**WHAT IS BEING ASKED:** Print the data below exactly, but only the lines from the one containing "キャットウォッシングハイウエストデニムショートパンツ BLUE" down to the one containing "149 Spring St #2 — Photo 6", inclusive.

**TASK MATERIAL:**
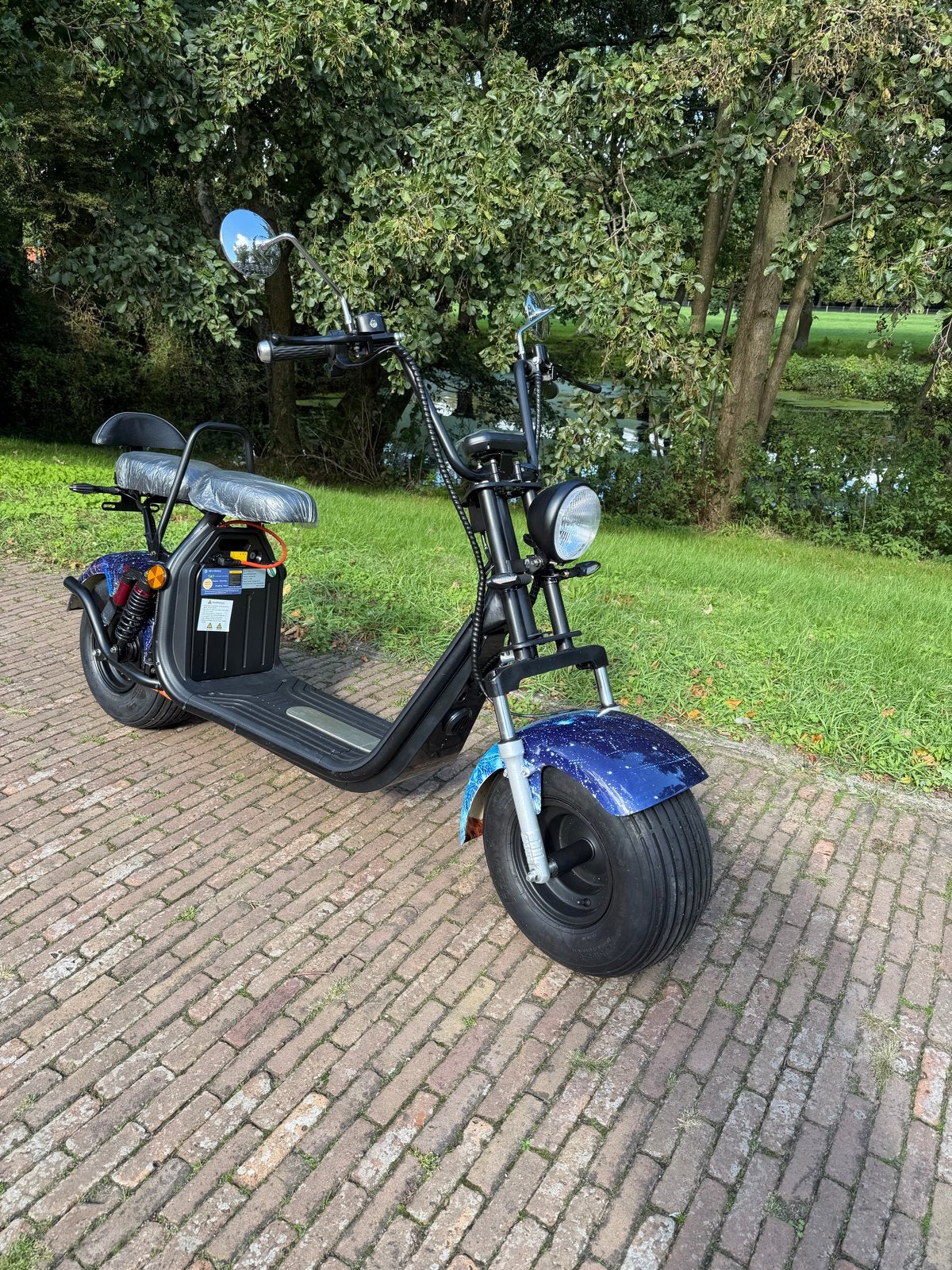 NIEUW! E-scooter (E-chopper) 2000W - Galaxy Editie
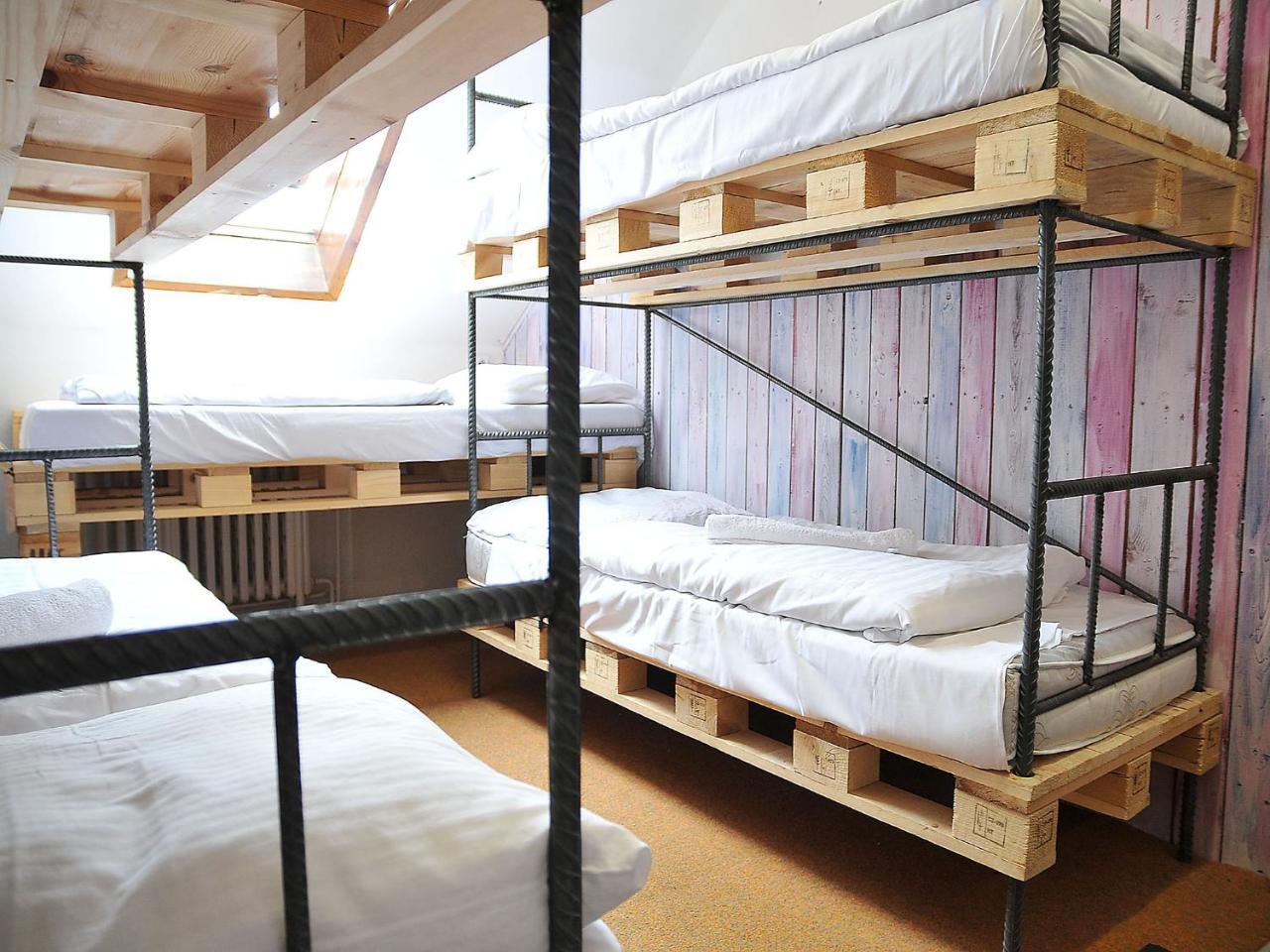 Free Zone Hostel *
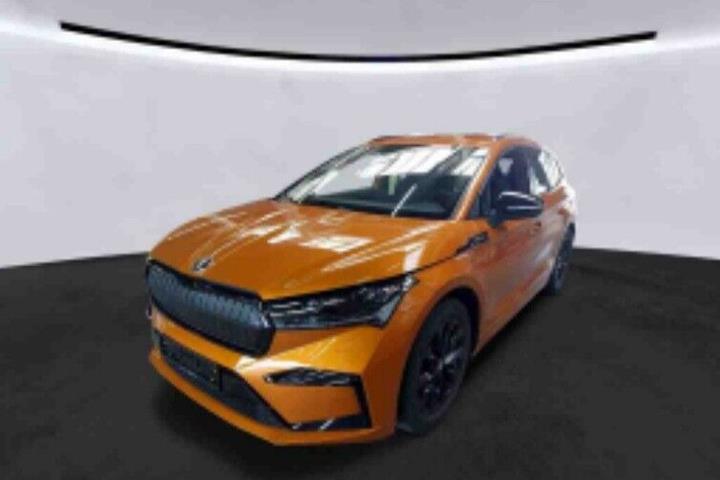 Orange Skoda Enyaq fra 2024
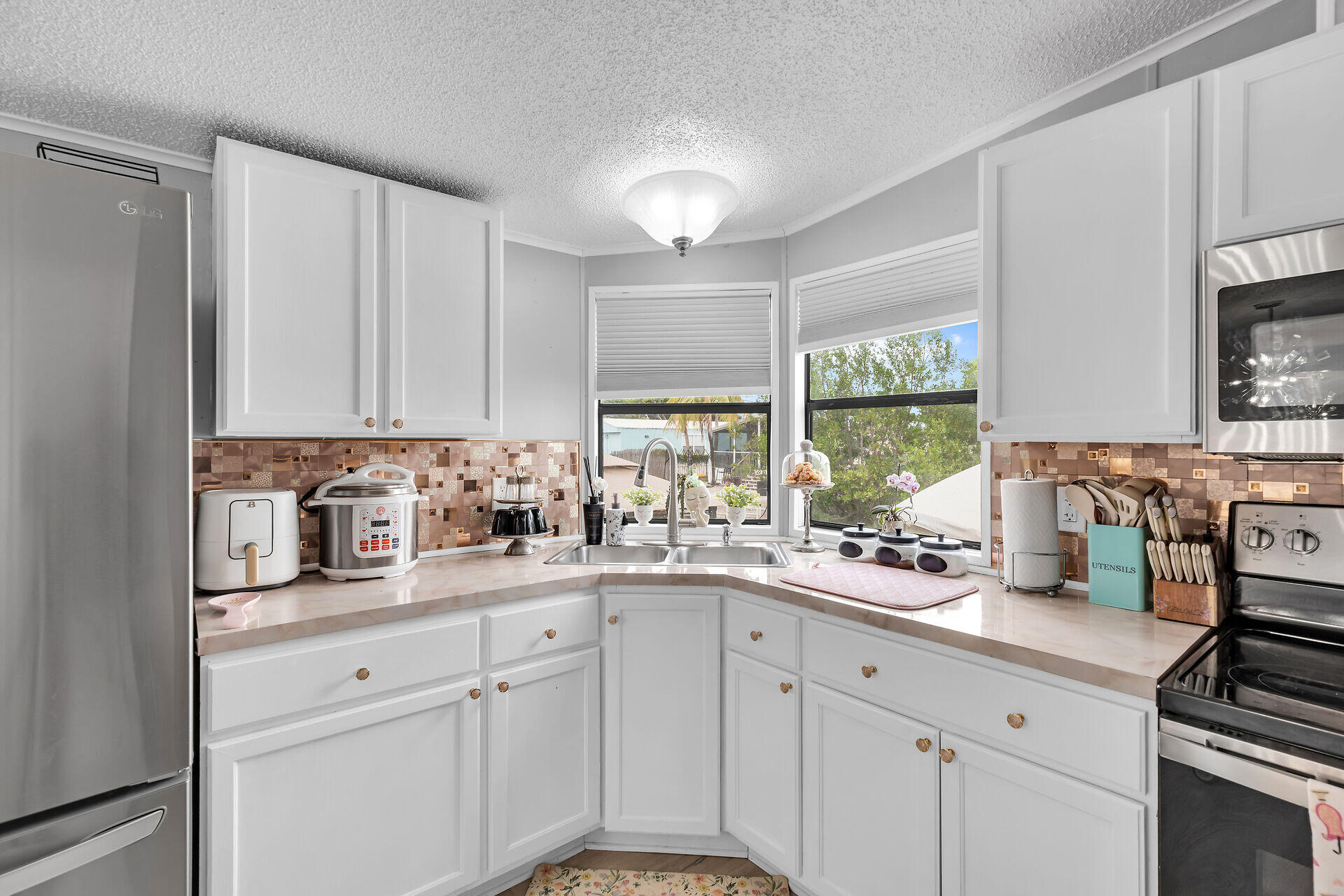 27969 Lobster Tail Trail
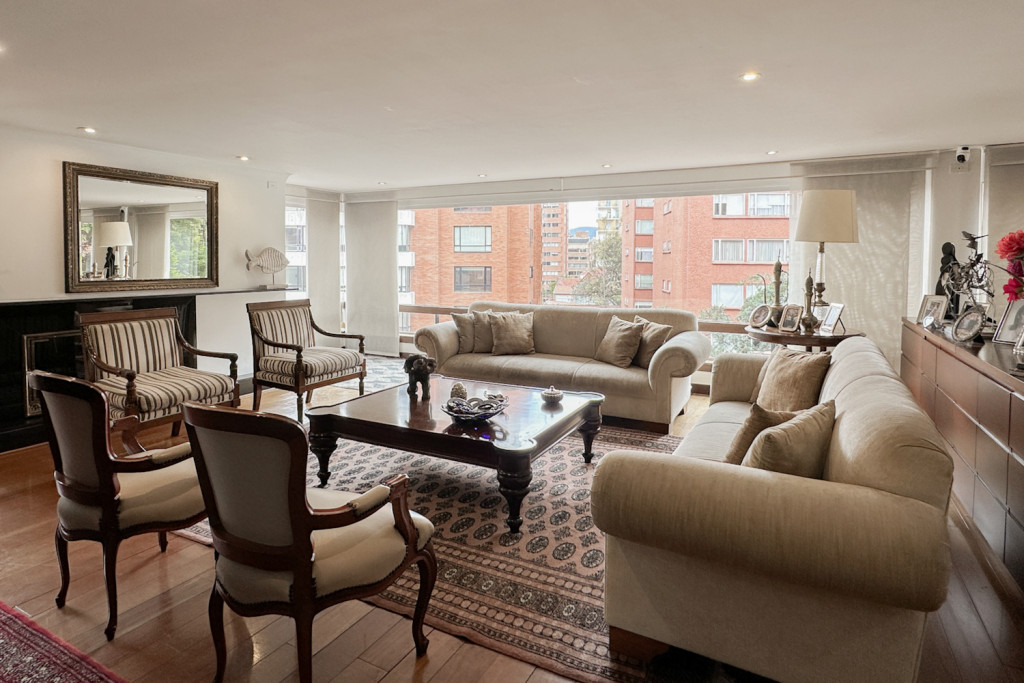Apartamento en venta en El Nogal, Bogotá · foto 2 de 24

...

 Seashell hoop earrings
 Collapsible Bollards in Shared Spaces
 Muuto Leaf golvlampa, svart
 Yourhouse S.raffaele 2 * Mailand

--

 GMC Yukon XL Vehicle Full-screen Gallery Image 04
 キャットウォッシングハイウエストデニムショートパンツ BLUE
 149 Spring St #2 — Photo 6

**THE ANSWER:**
 キャットウォッシングハイウエストデニムショートパンツ BLUE
 149 Spring St #2 — Photo 6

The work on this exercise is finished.